Desde Las Palmas de Gran Canaria
"Flotaba la gente encima del mar. Mucho miedo. Uno no sabe si va a sobrevivir o va a morir": Djeneba Kane es una de los miles de migrantes que han arriesgado su vida por la mortífera Ruta del Atlántico, en pequeñas embarcaciones llamadas cayucos o pateras, para llegar desde África a las Islas Canarias en busca de un futuro mejor.
"Vengo de Costa de Marfil. Tengo 20 años. Entré aquí con 16 años cuando estaba embarazada. Fue muy duro en la patera. Fue muy complicado porque [al estar] embarazada, cuando yo estaba en la patera vomitaba y [tenía] mareo. Gracias a Dios yo llegué salva y sana", cuenta Djeneba.
Más de 1.900 víctimas en 2025
El año pasado, casi 18.000 personas llegaron a las costas del archipiélago canario por esta ruta, una de las más letales. En 2025, más de 1.900 migrantes perdieron la vida tratando de cruzar el océano para alcanzar tierras en las Canarias.
Kalili Soukouna, procedente de Mali, sobrevivió a esta ruta hace dos décadas, pero recuerda el momento como si fuese ayer. Él lo hizo para conseguir recursos con los que ayudar a su madre.
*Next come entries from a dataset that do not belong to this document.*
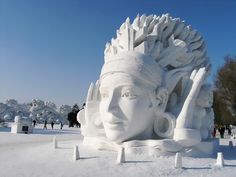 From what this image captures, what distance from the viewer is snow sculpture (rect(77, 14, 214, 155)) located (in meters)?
12.2

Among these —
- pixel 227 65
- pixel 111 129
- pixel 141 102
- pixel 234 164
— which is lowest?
pixel 234 164

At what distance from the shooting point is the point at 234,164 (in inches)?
443

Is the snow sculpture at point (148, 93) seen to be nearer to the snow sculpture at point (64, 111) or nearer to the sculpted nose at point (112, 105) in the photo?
the sculpted nose at point (112, 105)

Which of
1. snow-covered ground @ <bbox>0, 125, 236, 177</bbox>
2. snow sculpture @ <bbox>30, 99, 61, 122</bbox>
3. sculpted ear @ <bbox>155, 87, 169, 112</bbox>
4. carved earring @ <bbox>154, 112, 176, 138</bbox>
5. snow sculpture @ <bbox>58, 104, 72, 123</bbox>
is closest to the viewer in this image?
snow-covered ground @ <bbox>0, 125, 236, 177</bbox>

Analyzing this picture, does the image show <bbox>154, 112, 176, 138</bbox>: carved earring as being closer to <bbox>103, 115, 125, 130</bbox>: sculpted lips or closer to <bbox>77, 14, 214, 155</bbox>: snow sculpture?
<bbox>77, 14, 214, 155</bbox>: snow sculpture

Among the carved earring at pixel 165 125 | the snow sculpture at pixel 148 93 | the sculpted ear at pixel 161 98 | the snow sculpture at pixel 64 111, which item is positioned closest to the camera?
the snow sculpture at pixel 148 93

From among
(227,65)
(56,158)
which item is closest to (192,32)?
(56,158)

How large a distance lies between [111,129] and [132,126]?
2.60 ft

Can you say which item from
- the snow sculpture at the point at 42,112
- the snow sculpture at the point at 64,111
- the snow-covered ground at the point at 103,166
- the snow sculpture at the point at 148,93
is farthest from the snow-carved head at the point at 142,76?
the snow sculpture at the point at 64,111

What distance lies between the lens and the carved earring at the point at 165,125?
12.5 metres

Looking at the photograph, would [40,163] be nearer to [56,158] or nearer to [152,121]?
[56,158]

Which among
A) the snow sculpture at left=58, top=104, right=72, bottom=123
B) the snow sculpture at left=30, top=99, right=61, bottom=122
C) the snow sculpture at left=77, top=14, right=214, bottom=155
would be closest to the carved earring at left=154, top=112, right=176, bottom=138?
the snow sculpture at left=77, top=14, right=214, bottom=155

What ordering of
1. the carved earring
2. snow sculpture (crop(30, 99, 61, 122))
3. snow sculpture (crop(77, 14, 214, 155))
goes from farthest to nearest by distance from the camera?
snow sculpture (crop(30, 99, 61, 122)) < the carved earring < snow sculpture (crop(77, 14, 214, 155))

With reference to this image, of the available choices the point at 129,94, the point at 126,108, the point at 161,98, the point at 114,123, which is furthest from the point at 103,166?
the point at 161,98
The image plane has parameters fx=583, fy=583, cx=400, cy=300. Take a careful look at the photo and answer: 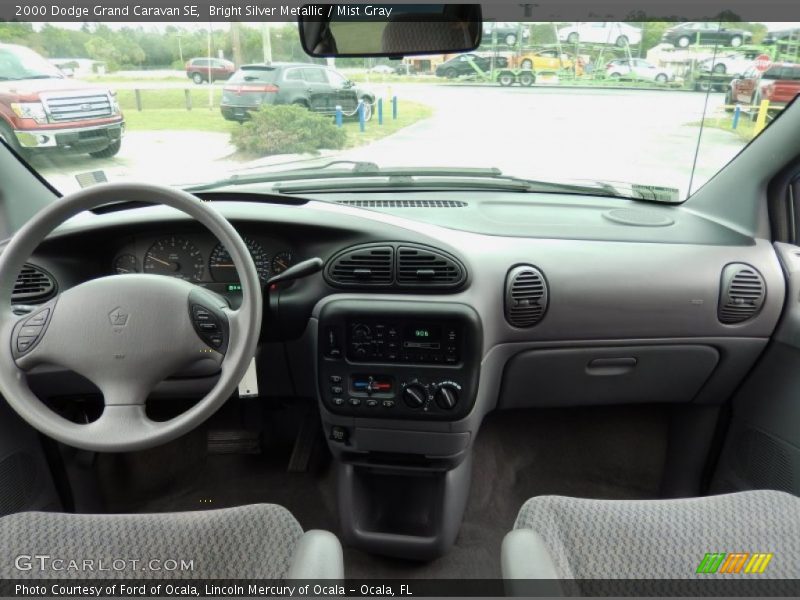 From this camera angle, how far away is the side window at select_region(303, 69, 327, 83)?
2352 millimetres

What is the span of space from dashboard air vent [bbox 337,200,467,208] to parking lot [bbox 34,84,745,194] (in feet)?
0.72

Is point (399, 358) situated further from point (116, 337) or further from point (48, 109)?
point (48, 109)

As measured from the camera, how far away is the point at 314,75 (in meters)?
2.38

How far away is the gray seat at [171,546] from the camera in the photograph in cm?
143

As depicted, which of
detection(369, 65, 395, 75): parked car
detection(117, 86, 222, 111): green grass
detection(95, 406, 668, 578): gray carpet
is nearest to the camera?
detection(369, 65, 395, 75): parked car

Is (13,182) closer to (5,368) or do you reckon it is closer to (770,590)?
(5,368)

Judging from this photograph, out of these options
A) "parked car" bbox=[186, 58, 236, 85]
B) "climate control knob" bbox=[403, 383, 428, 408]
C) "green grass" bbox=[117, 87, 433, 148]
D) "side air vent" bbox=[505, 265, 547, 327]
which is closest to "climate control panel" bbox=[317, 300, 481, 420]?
"climate control knob" bbox=[403, 383, 428, 408]

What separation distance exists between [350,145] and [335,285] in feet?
2.54

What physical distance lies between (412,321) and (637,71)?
1.41 metres

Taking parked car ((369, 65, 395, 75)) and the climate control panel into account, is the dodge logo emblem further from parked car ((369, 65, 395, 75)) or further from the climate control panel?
parked car ((369, 65, 395, 75))

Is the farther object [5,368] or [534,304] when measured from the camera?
[534,304]

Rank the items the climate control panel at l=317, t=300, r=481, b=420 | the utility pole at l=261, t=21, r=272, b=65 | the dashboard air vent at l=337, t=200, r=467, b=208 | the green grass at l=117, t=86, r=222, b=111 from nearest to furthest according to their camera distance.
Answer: the climate control panel at l=317, t=300, r=481, b=420, the utility pole at l=261, t=21, r=272, b=65, the dashboard air vent at l=337, t=200, r=467, b=208, the green grass at l=117, t=86, r=222, b=111

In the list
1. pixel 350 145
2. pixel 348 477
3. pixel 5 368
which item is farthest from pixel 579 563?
pixel 350 145

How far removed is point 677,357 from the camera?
2.32 meters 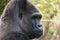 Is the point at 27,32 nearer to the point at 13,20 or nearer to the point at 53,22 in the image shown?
the point at 13,20

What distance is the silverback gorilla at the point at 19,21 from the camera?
4.63 metres

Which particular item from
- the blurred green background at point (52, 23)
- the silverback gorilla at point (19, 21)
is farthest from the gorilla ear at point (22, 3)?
the blurred green background at point (52, 23)

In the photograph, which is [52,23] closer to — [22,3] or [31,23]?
[31,23]

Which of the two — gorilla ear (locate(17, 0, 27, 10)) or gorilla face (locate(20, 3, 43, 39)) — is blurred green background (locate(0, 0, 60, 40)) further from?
gorilla ear (locate(17, 0, 27, 10))

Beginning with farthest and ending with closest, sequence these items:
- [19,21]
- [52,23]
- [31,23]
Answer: [52,23] < [31,23] < [19,21]

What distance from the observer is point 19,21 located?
4820 millimetres

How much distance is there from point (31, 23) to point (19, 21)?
31 centimetres

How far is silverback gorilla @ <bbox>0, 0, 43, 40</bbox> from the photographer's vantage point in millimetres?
4633

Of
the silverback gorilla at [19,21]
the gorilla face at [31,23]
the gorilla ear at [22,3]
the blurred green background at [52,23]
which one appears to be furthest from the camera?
the blurred green background at [52,23]

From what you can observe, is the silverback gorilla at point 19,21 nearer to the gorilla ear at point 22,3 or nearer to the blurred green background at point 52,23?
the gorilla ear at point 22,3

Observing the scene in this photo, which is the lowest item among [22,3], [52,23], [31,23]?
[52,23]

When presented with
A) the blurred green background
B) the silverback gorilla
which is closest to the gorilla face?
the silverback gorilla

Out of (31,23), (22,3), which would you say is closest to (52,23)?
(31,23)

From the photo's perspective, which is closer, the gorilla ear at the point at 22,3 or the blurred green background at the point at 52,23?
the gorilla ear at the point at 22,3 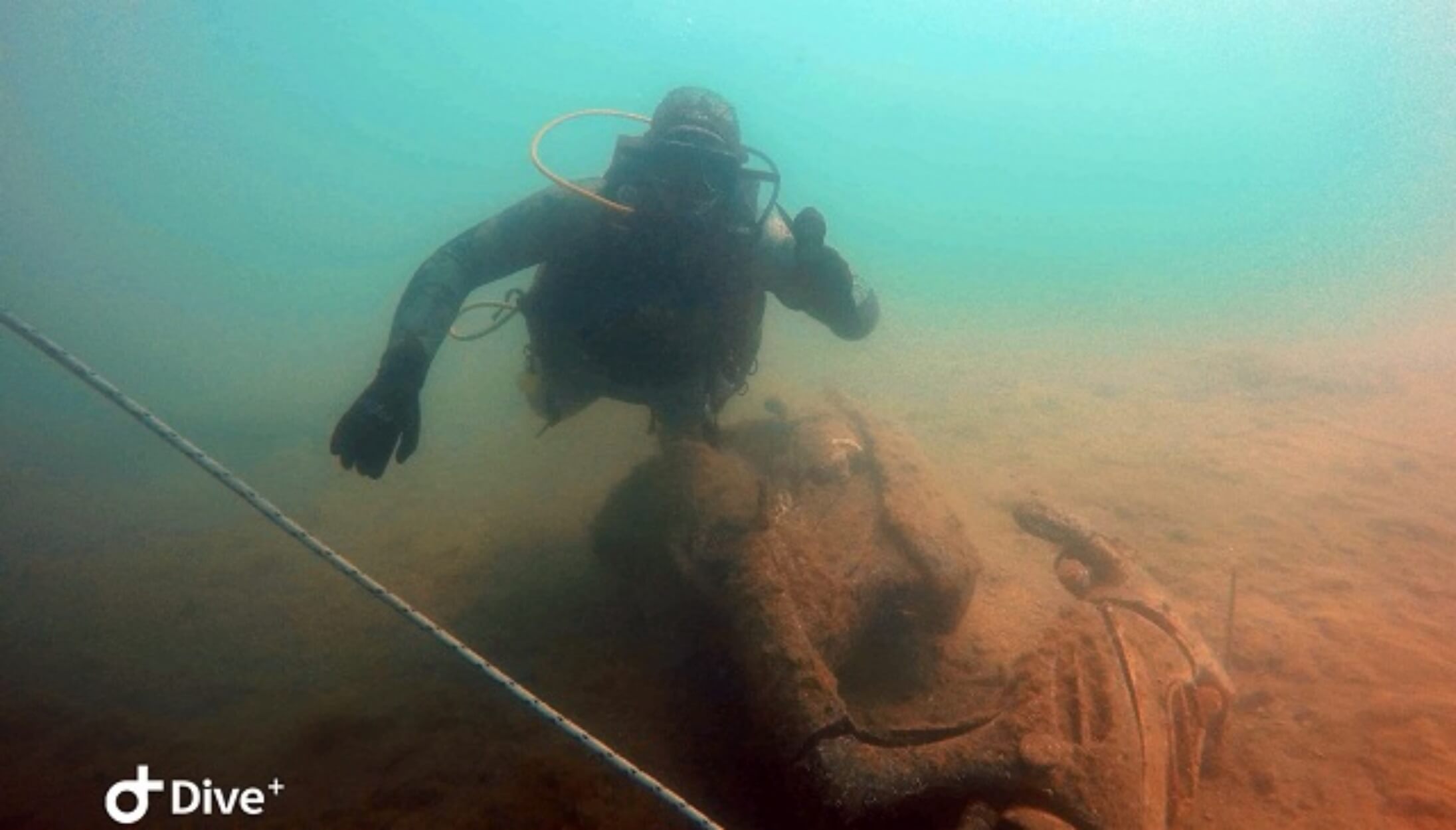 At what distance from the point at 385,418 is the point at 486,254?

"Yo llegué aquí el 14 de febrero del 2005 y tenía 14 años. Un día como cualquiera, mi mamá se puso enferma y al no tener remedio para llegar al hospital, pues al final tomamos esta decisión. Antes de la embarcación tuvimos prácticamente un mes de caminata, porque no teníamos dinero para coger taxis, para coger guagua, para cruzar la frontera de Mali hasta Mauritania", explica a RFI. "Soy uno de los muchos o pocos afortunados que por suerte llegué. Puedo contar la historia. Muchos no han tenido el mismo suerte", recalca.
"La gente lo primero que hace es ayudarte"
Ambas historias tienen un final feliz, dentro del drama que las rodeó, y siempre recordarán como en esta tierra se los recibió con los brazos abiertos.
"Cuando llegamos aquí, lo que más me impresionó desde el principio, que muchas veces no le ponemos valor sino a lo largo que vayan pasando los años, que la gente que estaba en la playa lo primero que hace es ayudarte, dar agua, de comer, y la verdad que esa imagen nunca se me olvida", subraya Kalili.
"Hoy en día doy las gracias a Dios porque gano mi propia vida y también tengo gente a mi lado que me ayuda, que me da consejos, que para mí son como mi familia", indica asimismo Djeneba.